» Provided records
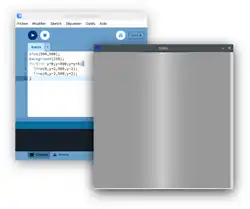 Editor der Processing IDE mit Quellcode und dazu generierter Bildausgabe.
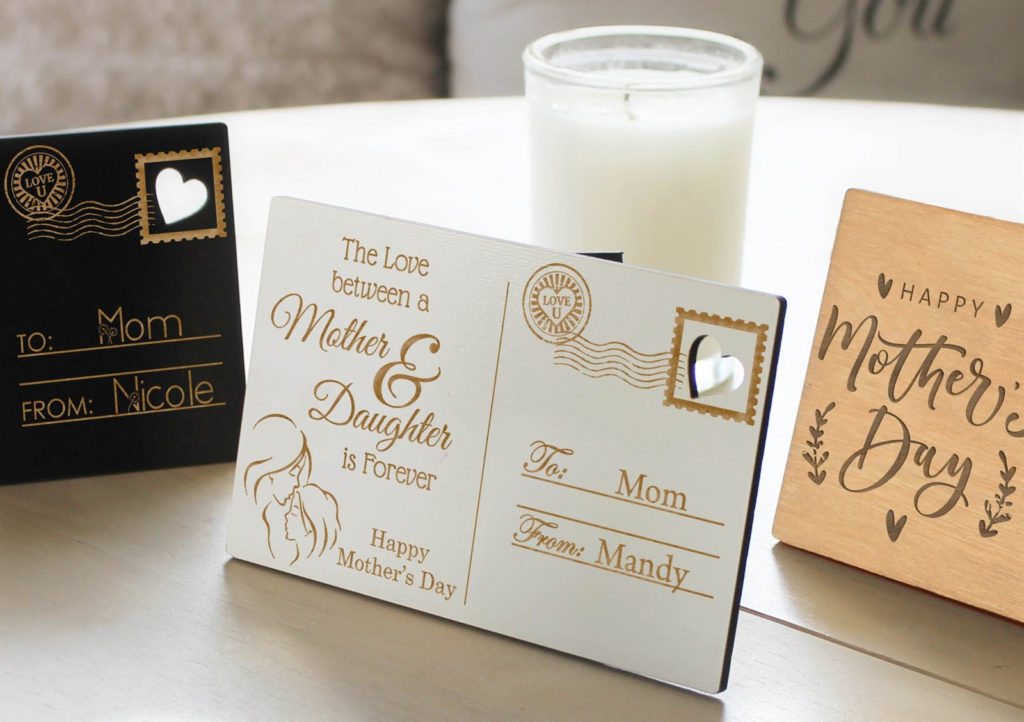 Unique Mother’s Day Gift: Personalized Engraved Wooden Postcard Plaques $8.99 SIHPPED!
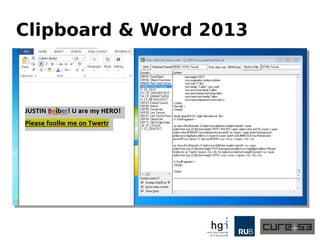 Clipboard & Word 2013
 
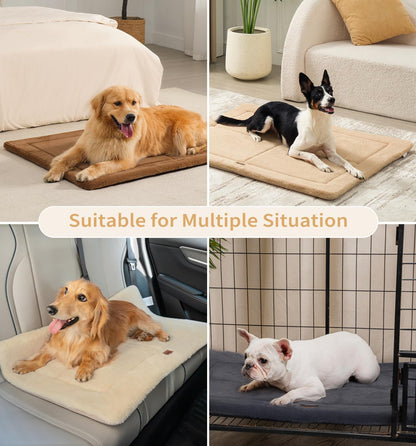 Made4Pets Dog Crate Pad Bed for Medium Large Dogs, Washable & Reversible, Anti-Slip Kennel Mat for Cozy Sleeping, Soft Fluffy Dog Bed for Indoor & Outdoor Use, 35"x23", Gray
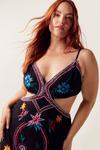NastyGal Plus Size Embroidered Fringe Cut Out Mini Dress thumbnail 3
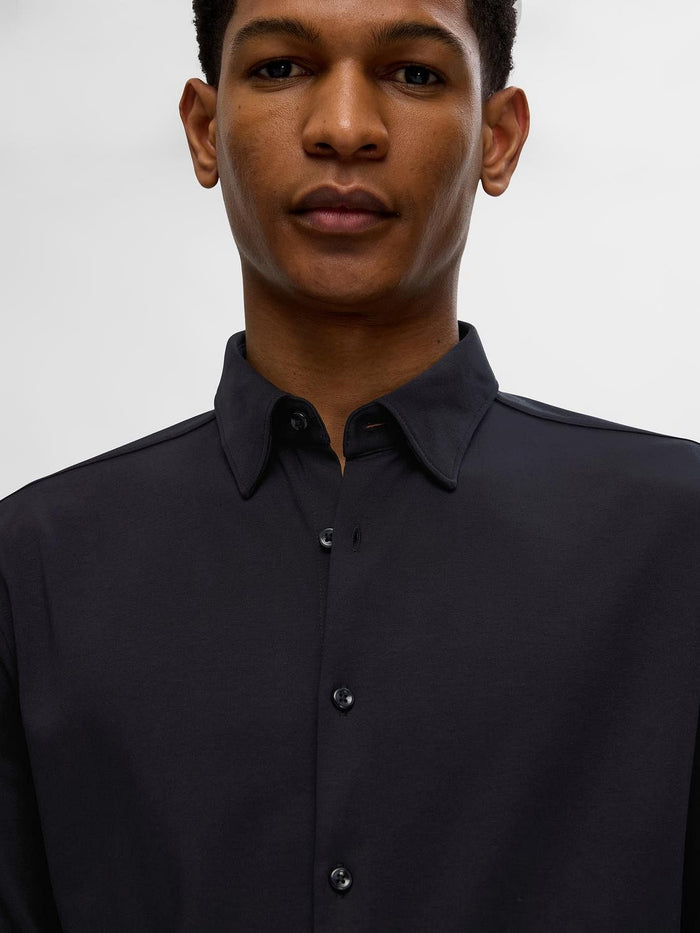 Black Jersey Slim Fit Shirt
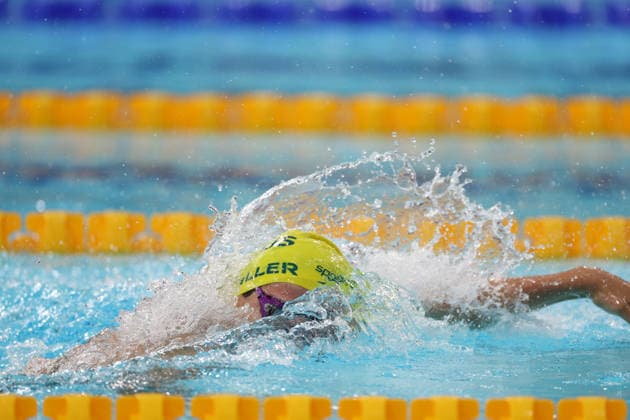 July 24, 2026, Glasgow, Scotland, Great Britain: INEZ MILLER of Team Australia in the Women s 4 x 100m Freestyle Relay Heats of the Commonwealth Games Glasgow 2026 at the Tollcross International Swimming Centre in Glasgow, Scotland Commowealth Games 2026: Swimming  - ZUMAc179 20260724_zep_c179_261 Copyright: xMickaelxChavetx
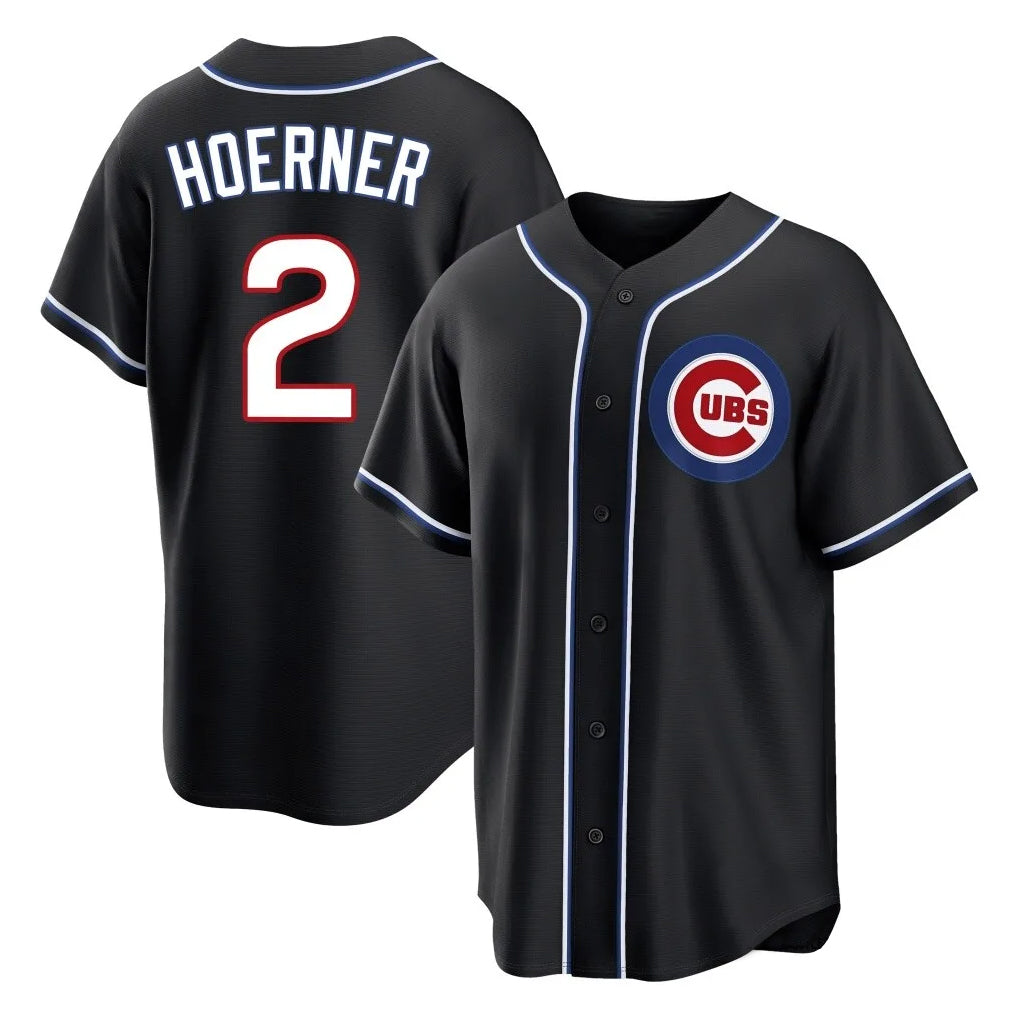 Rebec C.Cubs #2 Nico Hoerner Player Black Fashion Out Game Stitched Jerseys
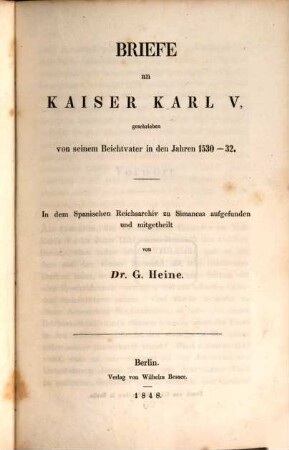 Briefe an Kaiser Karl V.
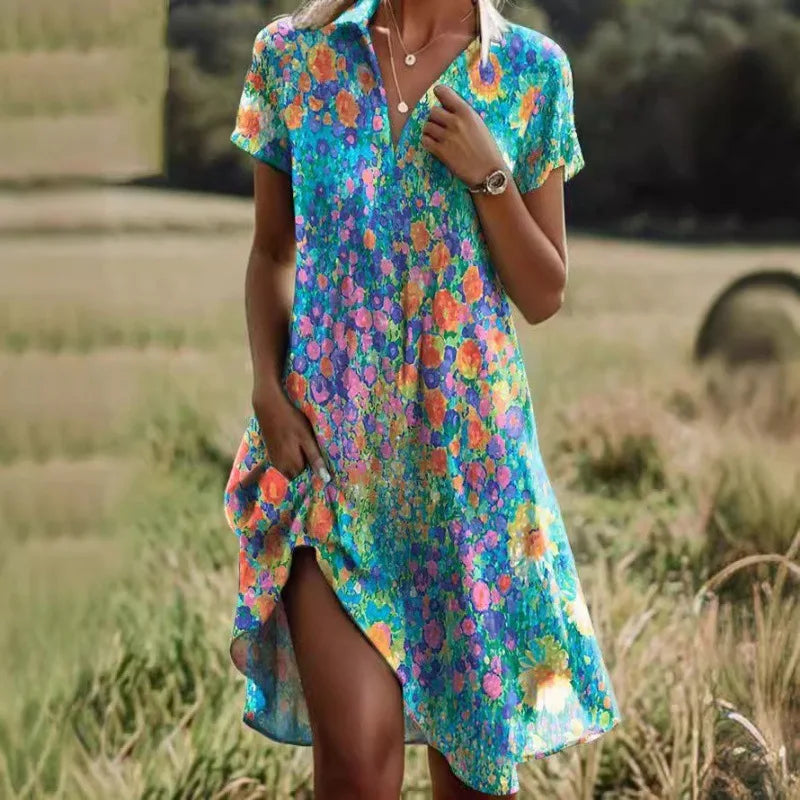 Elegant Floral Dress with V-Neck and Buttons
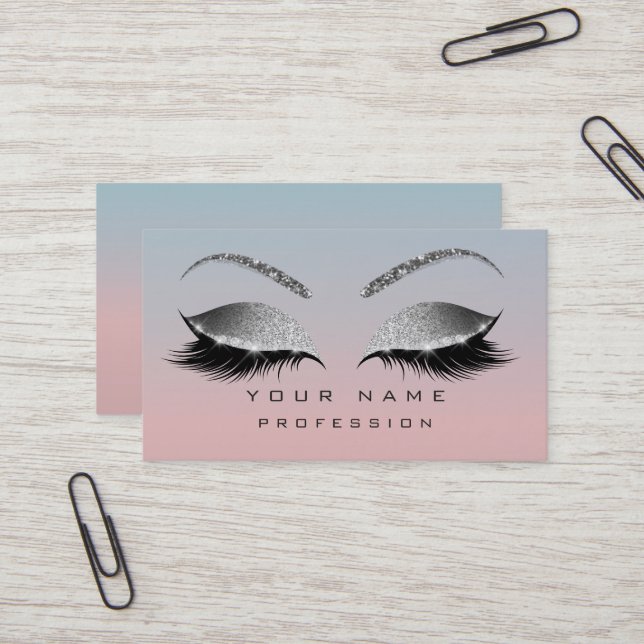 Makeup Eyes Lashes Glitzer Rose Ombre Eyebrow Visitenkarte (Vorderseite/Rückseite Beispiel)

» Exercise objective
Only the lines from the one containing "NastyGal Plus Size" to the end of the listing belong in the answer, exactly as they stand and with no pictures.

» Exercise output
NastyGal Plus Size Embroidered Fringe Cut Out Mini Dress thumbnail 3
 Black Jersey Slim Fit Shirt
 July 24, 2026, Glasgow, Scotland, Great Britain: INEZ MILLER of Team Australia in the Women s 4 x 100m Freestyle Relay Heats of the Commonwealth Games Glasgow 2026 at the Tollcross International Swimming Centre in Glasgow, Scotland Commowealth Games 2026: Swimming  - ZUMAc179 20260724_zep_c179_261 Copyright: xMickaelxChavetx
 Rebec C.Cubs #2 Nico Hoerner Player Black Fashion Out Game Stitched Jerseys
 Briefe an Kaiser Karl V.
 Elegant Floral Dress with V-Neck and Buttons
 Makeup Eyes Lashes Glitzer Rose Ombre Eyebrow Visitenkarte (Vorderseite/Rückseite Beispiel)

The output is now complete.